Em 1992 o mundo tinha 5,5 bilhões de pessoas e vivia a desregulamentação dos mercados e a redução do papel do Estado. Vinte anos depois, o planeta tem sete bilhões de habitantes e vive a ressaca do neoliberalismo e dos limites impostos pela natureza.

O Brasil, que recebeu no Rio de Janeiro os chefes de Estado que vieram para a Conferência das Nações Unidas sobre o Meio Ambiente e o Desenvolvimento (CNUMAD), em 1992, era tão diferente do Brasil de hoje que um desavisado visitante que retornasse poderia se imaginar em outro país. Fernando Collor foi o anfitrião, já em processo de despejo do Planalto, e o cenário econômico não poderia ser pior, com inflação galgando a casa dos milhares por cento ao ano (em 1992, chegou a 1.174% e, em 1993, ultrapassou 2.500%). Mesmo assim, vista em perspectiva, a contribuição da Rio 92, também conhecida como Cúpula da Terra, foi decisiva para mudar o entendimento do mundo sobre o desenvolvimento sustentável. O economista Ignacy Sachs, veterano das conferências da ONU, conta que aquela foi uma reunião na contramão da história. “Desenvolvimento sustentável precisa de planejamento, o que não é possível sem a presença de um Estado atuante, e nos anos 1990 estava na moda o Estado mínimo”, explica Sachs.

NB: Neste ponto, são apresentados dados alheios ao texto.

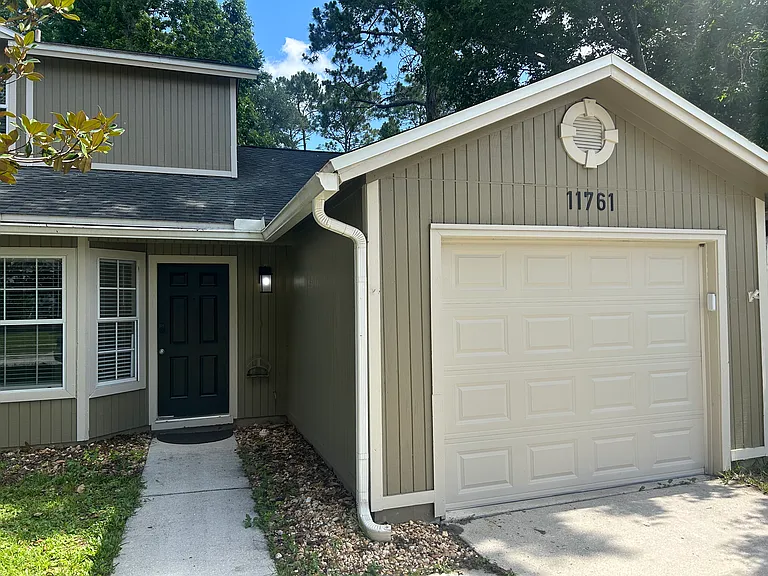 11761 Wattle Tree Rd N — Photo 2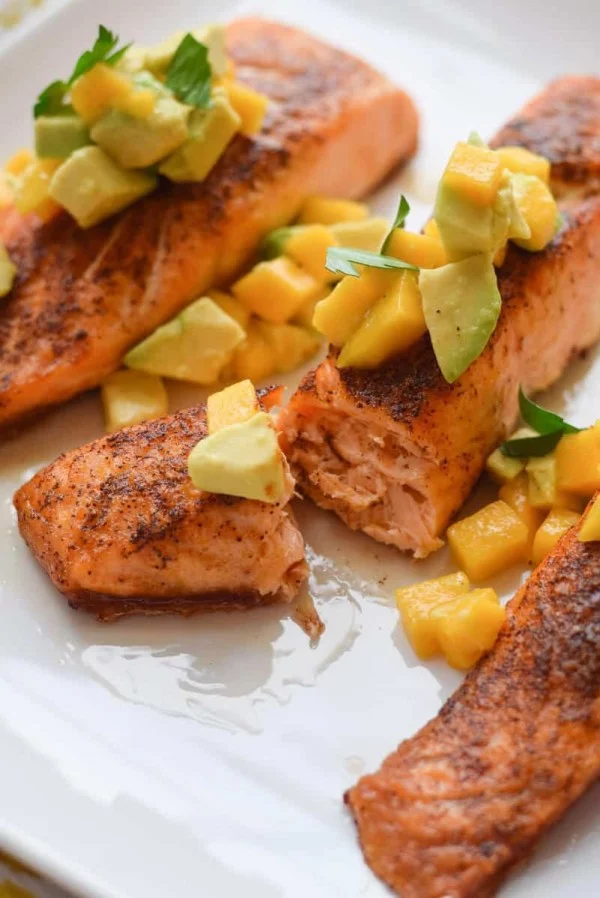 Skinny Chili Salmon with Avocado and Mango #weightwatchers #recipe #dinner #healthy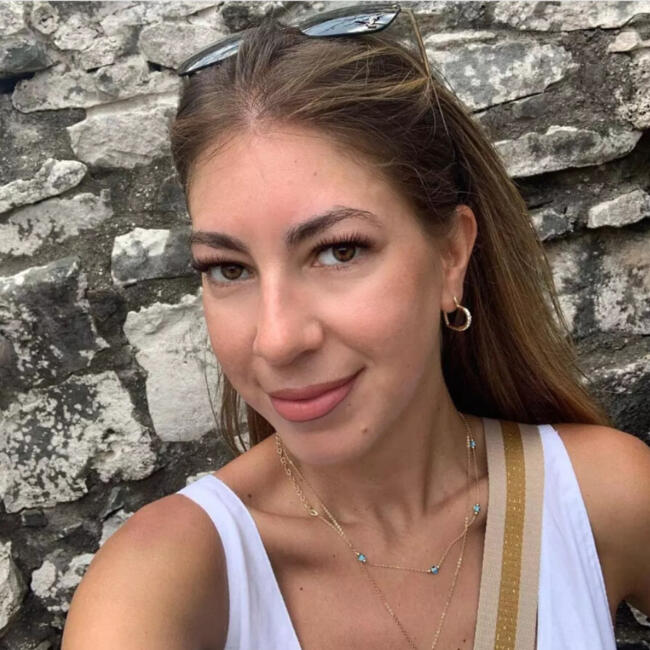 Babysitter in Houston: Lin
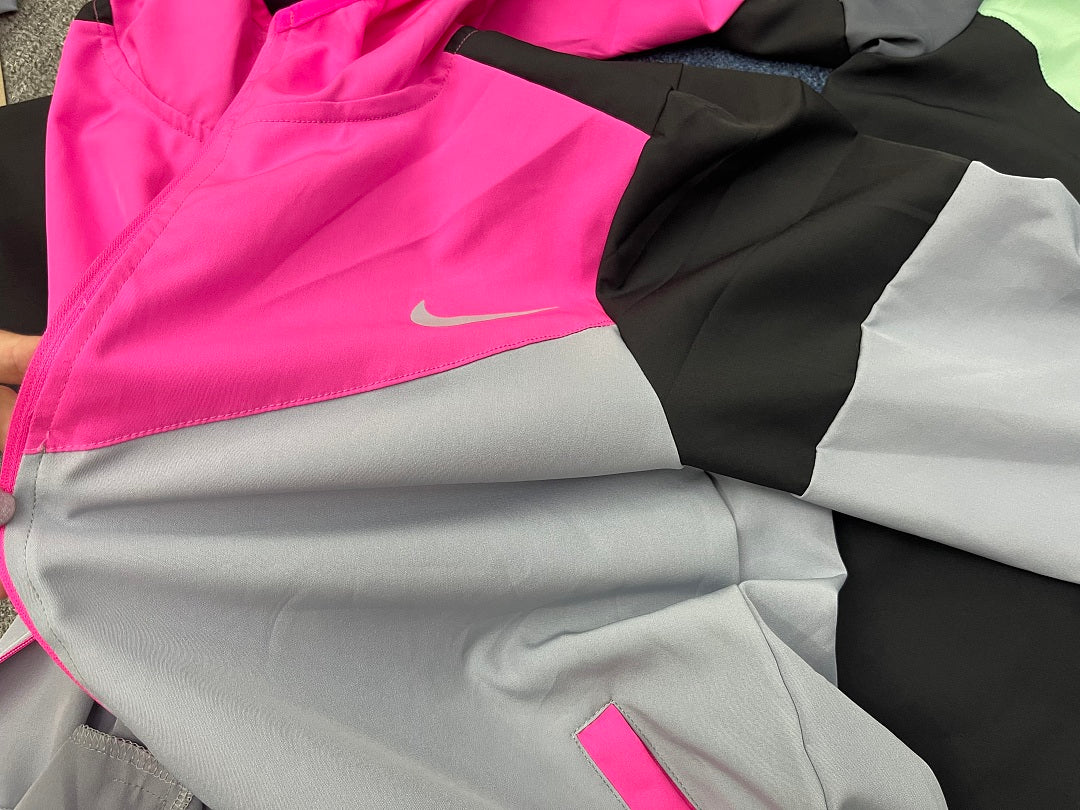 Nike Miler Running Top — Mint/Black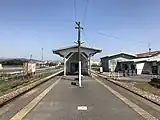 プラットホーム（奥は高田方面、2018年4月）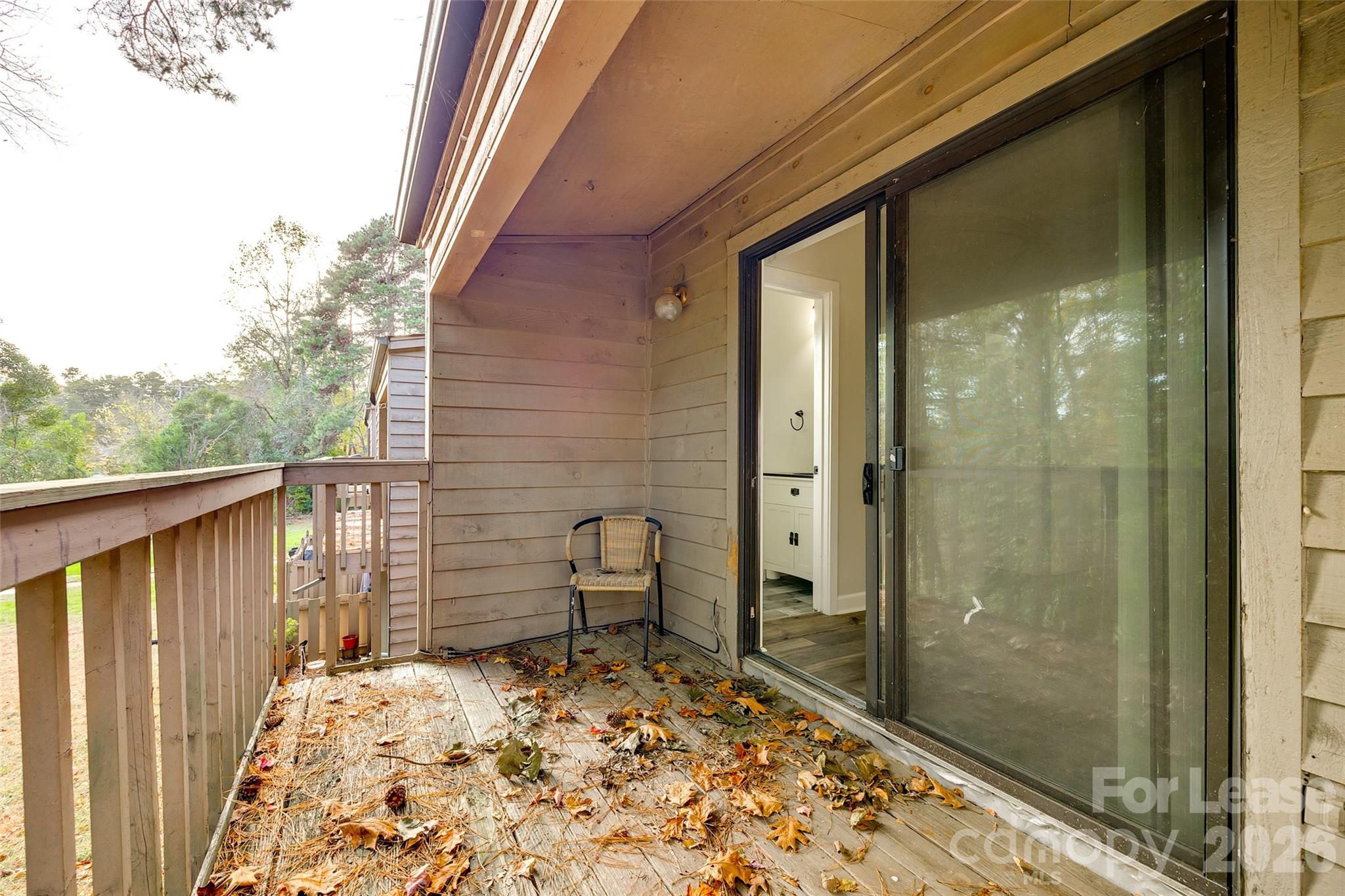 4158 Charlotte Highway F Property Photo 18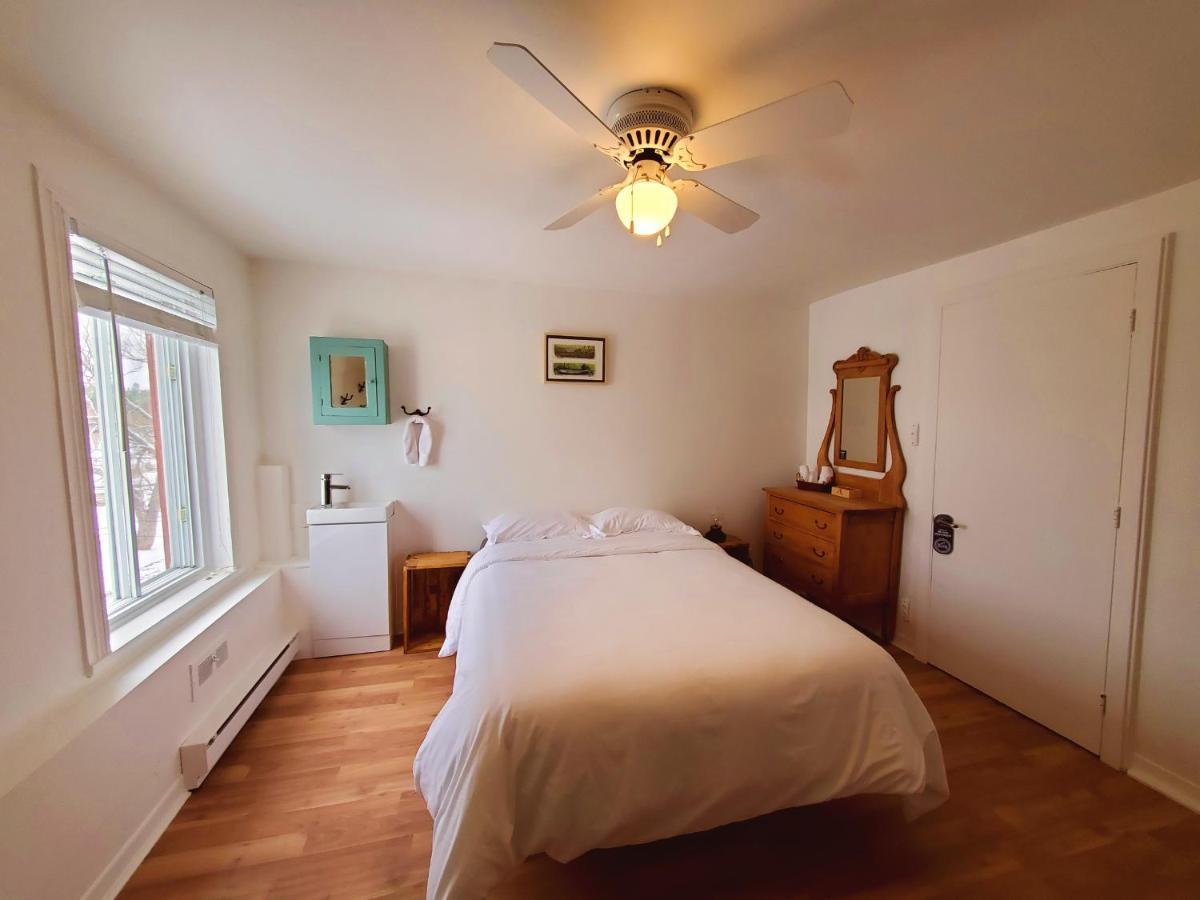 Auberge De La Rive De Charlevoix - Auberge De Jeunesse Familiale Pour Voyageurs De Tous Ages Saint-Joseph-de-la-Rive المظهر الخارجي الصورة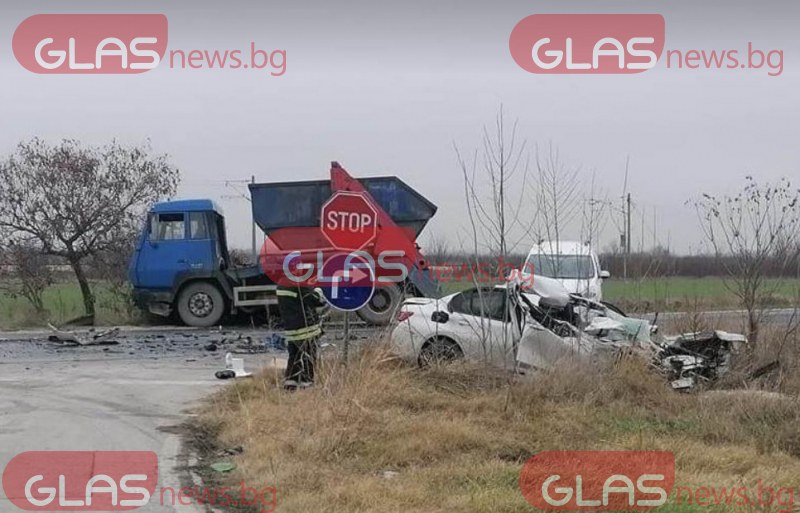 Първи снимки от тежката катастрофа край Пловдив днес.Инцидентът стана около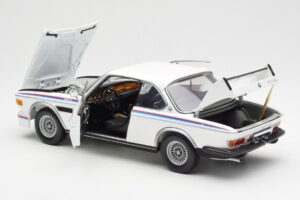 BMW 3.0 CSL E9 Spoilerkészlettel Fehér Minichamps 1:18 180029021 Fém – 5. kép a 8-ből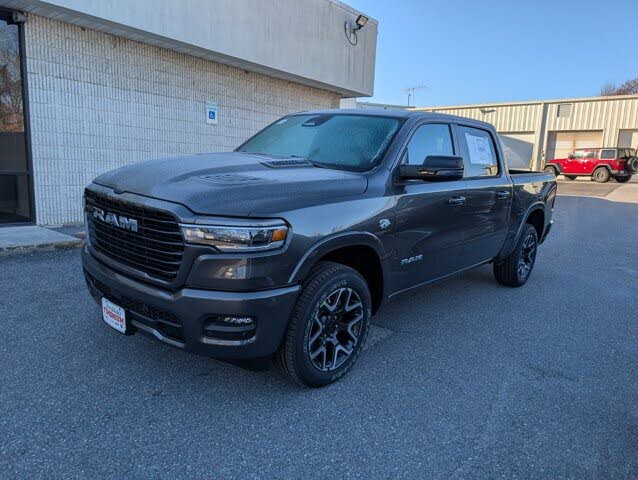 2026 RAM 1500 Laramie Crew Cab 4WD
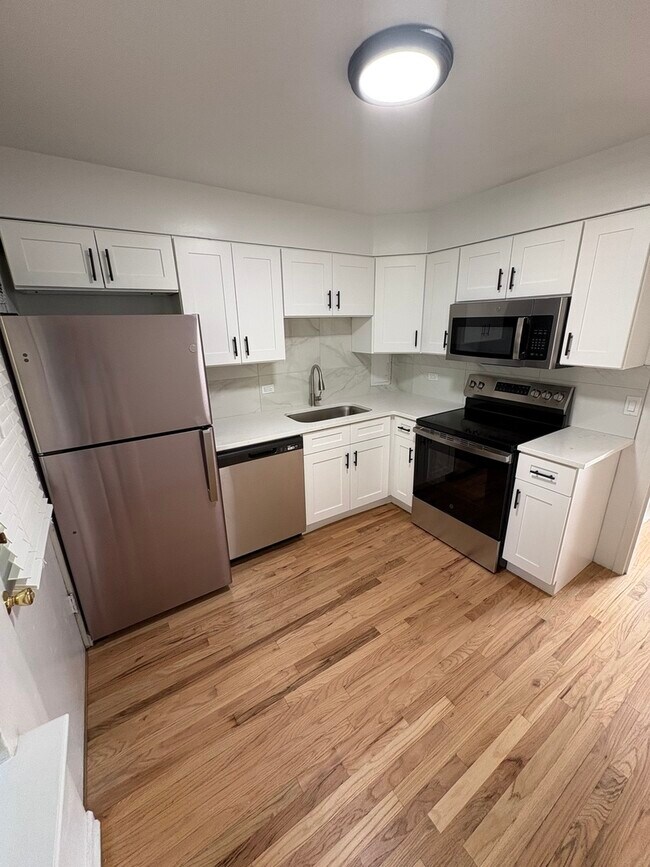 2104 W Farragut Ave-Unit -B2 in Chicago, IL - Building Photo - Building Photo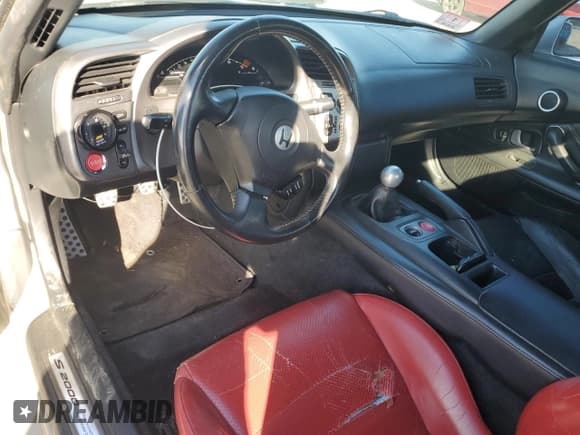 ✅ 2002 Honda S2000 • VIN: JHMAP114X2T007366 • Lot: 84370215. Listed on Copart with 138,263 mi. Free auction sales archive from the USA and detailed vehicle history report at DreamBid. Image 8.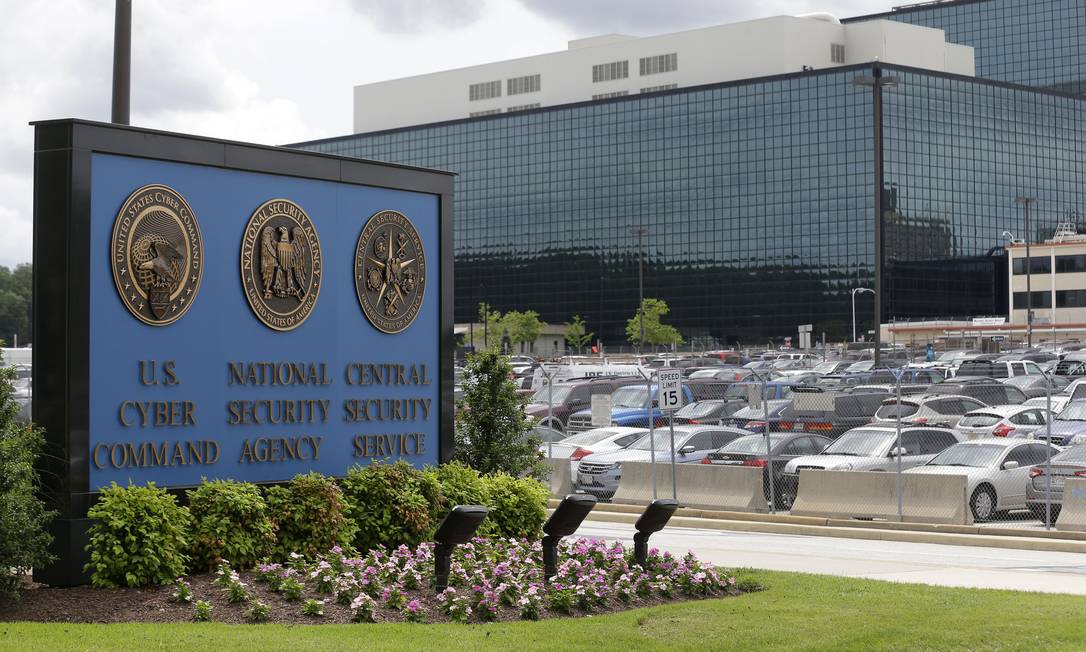 
Governo Barack Obama deu autorização a Agência de Segurança Nacional (NSA) para interceptar comunicações de hackers, sem que houvesse um debate público sobre esta ampliação de poderes, segundo indica publicação do New York Times
Foto:
AP
/
Patrick Semansky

O cenário global hoje também não lembra em nada o início dos anos 1990. Os países pobres e em desenvolvimento amargavam crises cambiais e a incapacidade de arcar com o peso de suas dívidas externas e Estados Unidos e Europa ditavam os rumos da economia global após a queda do Muro de Berlim e o fim da União Soviética. Hoje, esses países trocaram de lado, os ricos derrapam em uma crise financeira que se arrasta desde 2008, e os antigos países subdesenvolvidos são tratados como emergentes e suas economias seguram o comércio global. Brasil, Índia e China lideram em desempenho econômico e ganham peso político no cenário global. O Século 21 chegou carregado de surpresas e arrancou os países de seus berços esplêndidos em direção a um futuro muito mais imprevisível.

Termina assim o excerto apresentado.